PROVIDED ENTRIES —
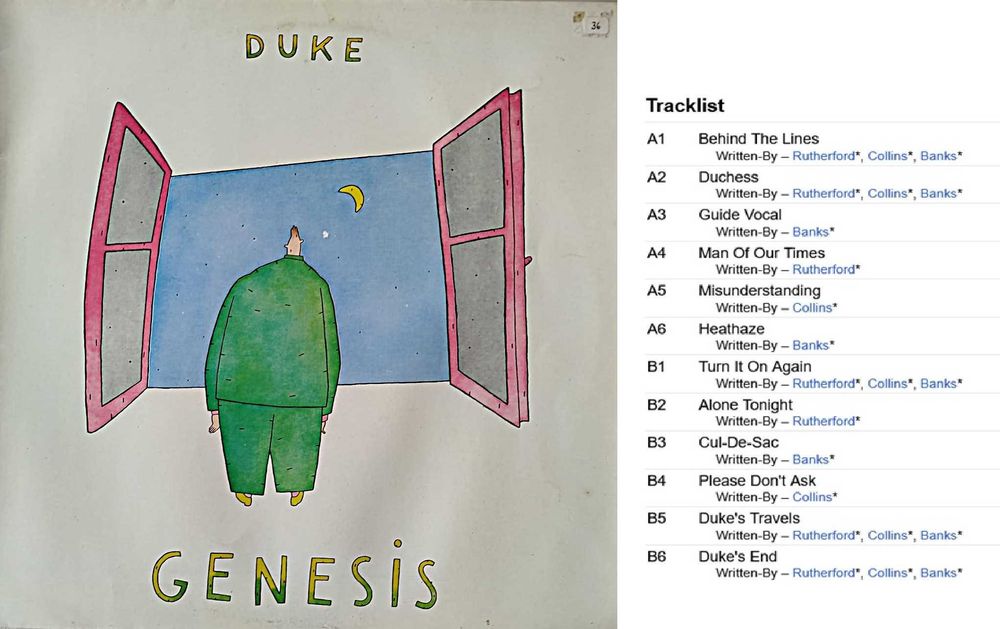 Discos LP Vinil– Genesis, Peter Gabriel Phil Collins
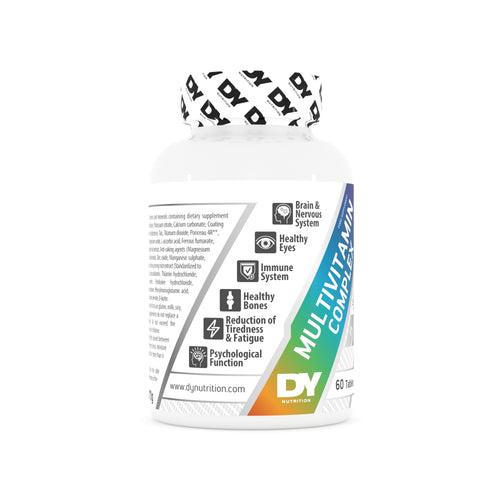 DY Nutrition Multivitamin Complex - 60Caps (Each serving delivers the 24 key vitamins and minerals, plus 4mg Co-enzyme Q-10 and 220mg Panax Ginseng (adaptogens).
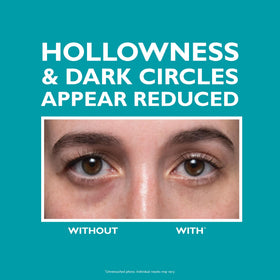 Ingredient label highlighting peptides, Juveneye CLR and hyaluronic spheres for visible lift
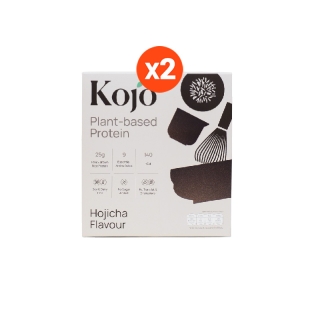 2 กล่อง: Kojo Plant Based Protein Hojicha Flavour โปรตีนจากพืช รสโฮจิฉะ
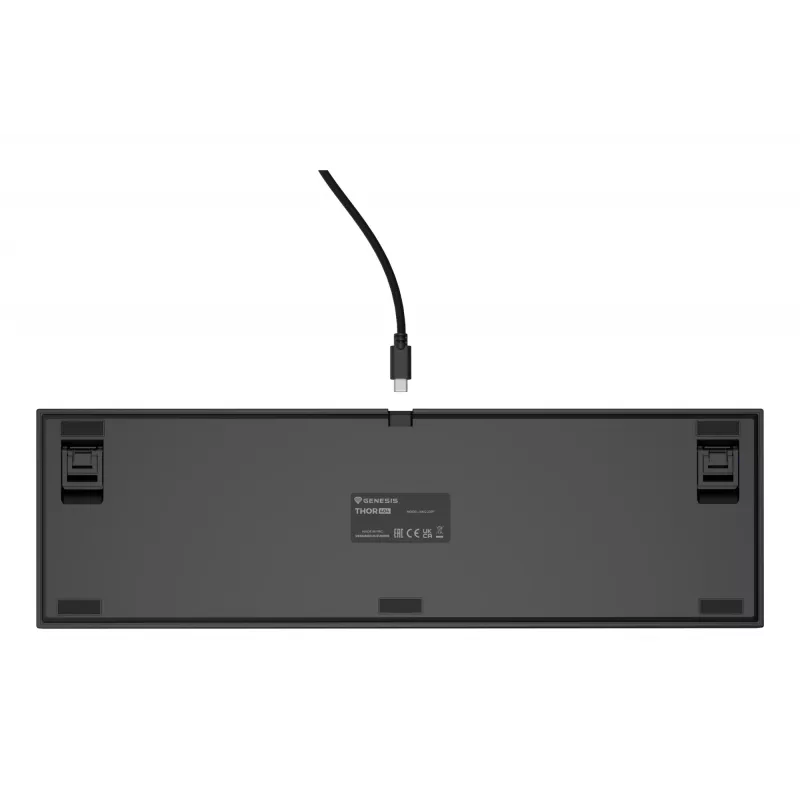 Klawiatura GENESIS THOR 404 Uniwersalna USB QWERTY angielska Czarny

ASSIGNMENT —
Output the entries verbatim, skipping images.

RESPONSE —
 Discos LP Vinil– Genesis, Peter Gabriel Phil Collins
 DY Nutrition Multivitamin Complex - 60Caps (Each serving delivers the 24 key vitamins and minerals, plus 4mg Co-enzyme Q-10 and 220mg Panax Ginseng (adaptogens).
 Ingredient label highlighting peptides, Juveneye CLR and hyaluronic spheres for visible lift
 2 กล่อง: Kojo Plant Based Protein Hojicha Flavour โปรตีนจากพืช รสโฮจิฉะ
 Klawiatura GENESIS THOR 404 Uniwersalna USB QWERTY angielska Czarny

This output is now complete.